Photo Courtesy of Focus Features.


The ‘BlacKkKlansman’ Costume Designer On Bringing The ‘70s To The Screen

We chat with Marci Rodgers about her work on the Spike Lee film

There’s a specific pressure that comes with creating films based off of real-life events. It's the stress of getting the story right, casting the appropriate people, and recreating moments accurately. And yet, if it's a story based in reality, there are also lots of historical references from which to draw, something BlacKkKlansman costume designer Marci Rodgers found very helpful when creating the ‘70s looks for the story of Ron Stallworth (played by Denzel Washington’s son John David Washington), the first black detective in the Colorado Springs Police Department, who managed to infiltrate the Ku Klux Klan.

For the project, Rodgers—who considers herself a visual historian—started out doing research, and lots of it. First, she watched Birth of a Nation and Gone with the Wind, both of which, though not films of the era, are referenced within BlacKkKlansman. Then, she headed over to the Library of Congress and her alma mater Howard University where she reviewed historical documents and periodicals from the era. She searched through old Jet and Essence magazines, read through journal entries from Kwame Ture (aka Stokely Carmichael), a Black Panther leader played by Corey Hawkins in the film. She even went through sewing patterns from that time to get a better sense of the fashion aesthetic. Rodgers says she spent about a month and a half solely studying and educating herself. “Typically, when I get into the research mode, I kind of become obsessive with it,” tells us. “I don’t stop. And because this was a period piece, it definitely took a lot of my attention. I wanted to make sure I was reading the research correctly and translating the research into costumes.”

The best way to create a look is by going straight to the source, though. So she set out to speak with Stallworth about his style from the time. “I was able to meet with him and have a conversation about some of the things he did when he was undercover,” Rodgers shares. “He said that sometimes he would wear different accessories, some days he would wear a walking suit or other things that made him feel cool, if you will.” Think about it, she emphasizes, he’s young, he’s stylish, it was his first job, so he wanted clothes that would be professional but still smooth. It was also important that Stallworth be noticeable and stand out in every scene, so you might notice that his outfits are slightly brighter than those around him in the film.

Photograph Courtesy of Focus Features.

He particularly stands out in scenes with Laura Harrier’s Patrice Dumas, a character Rodgers describes as being a marriage between Black Panther leaders Angela Davis and Kathleen Cleaver. The all-black uniform typically donned by members can come off as flat and one-dimensional onscreen, so Rodgers supplemented that by adding texture to Harrier’s outfits, like ribbed turtlenecks, a button-up black dress, and a leather jacket with prominent pockets. Rodgers made it a point to have Odetta (played by Damaris Lewis), Patrice’s best friend and passive spirit animal, be the opposite, garb-wise. “Her attitude, as the viewers will see, is a little spicy. So, I added color to her which kind of adds another layer to Patrice.” The key, Rodgers says, is to make everybody look separate and like their own standalone character. “When they all come onscreen, I wanted them to be very identifiable,” she says. “There’s Ron, there’s Patrice, there’s Kwame.”
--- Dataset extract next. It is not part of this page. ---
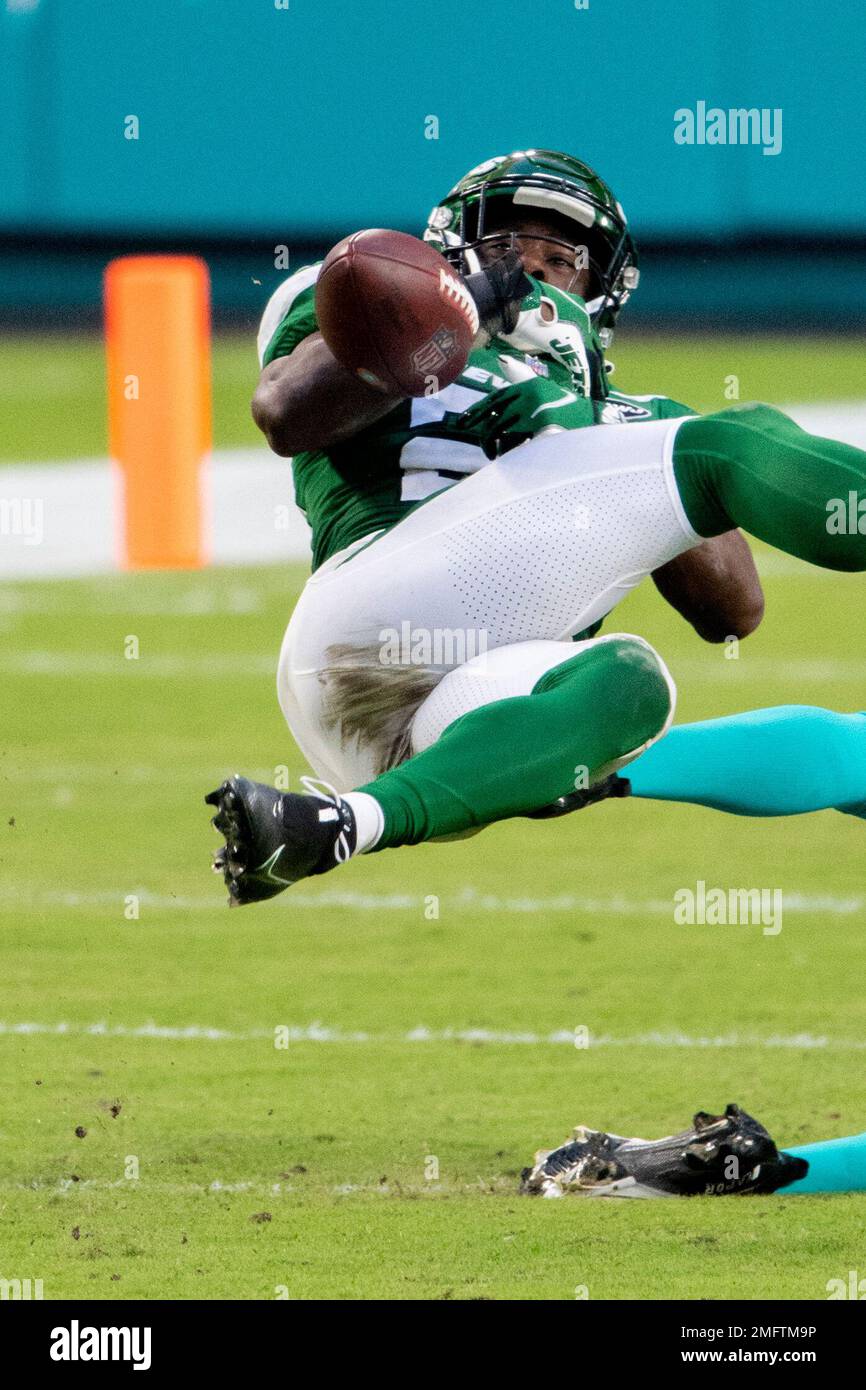 New York Jets safety Marcus Maye (20) intercepts a pass intended for Miami  Dolphins wide receiver Preston Williams (18) during an NFL football game,  Sunday, Oct. 18, 2020, in Miami Gardens, Fla. (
The outfits worn by the Ku Klux Klan members also came about through lots of research, which Rodgers says wasn’t always easy. “I had a separate set of information for the organization and I just studied the photos,” Rodgers says. “I tried, obviously, to remove as much emotional reaction as I could to it and just make sure it was historically accurate… I actually read an article on how [the hoods and robes] are made, and what they're made out of.  I just kept digging and digging and digging.” For the former KKK Grand Wizard, David Duke, played by Topher Grace, Rodgers also consulted archival photos. “I noticed that David Duke, he wore fat ties or stripes,” she says. So, she put him in just that: fat ties or stripes.

Photograph Courtesy of Focus Features. 

Overall, the BlacKkKlansman clothes (aside from those worn by the white supremacists) aren’t too far off from what we might wear today. Rodgers says she sourced clothes from costume houses in L.A., but also vintage shops in New York and Philadelphia. Plaid shirts, sheepskin jackets, logo sweaters—even the afro is back now, hopefully to stay. As the film displays toward the end scenes—a juxtaposition of the KKK burning a cross and the white supremacist rally that took place in Charlottesville, Virginia, last year—not much has changed in the past four decades. The BlacKkKlansman story, at least, has a positive ending and proves that not all heroes wear capes—sometimes they wear jean jackets and Nike Cortez sneakers.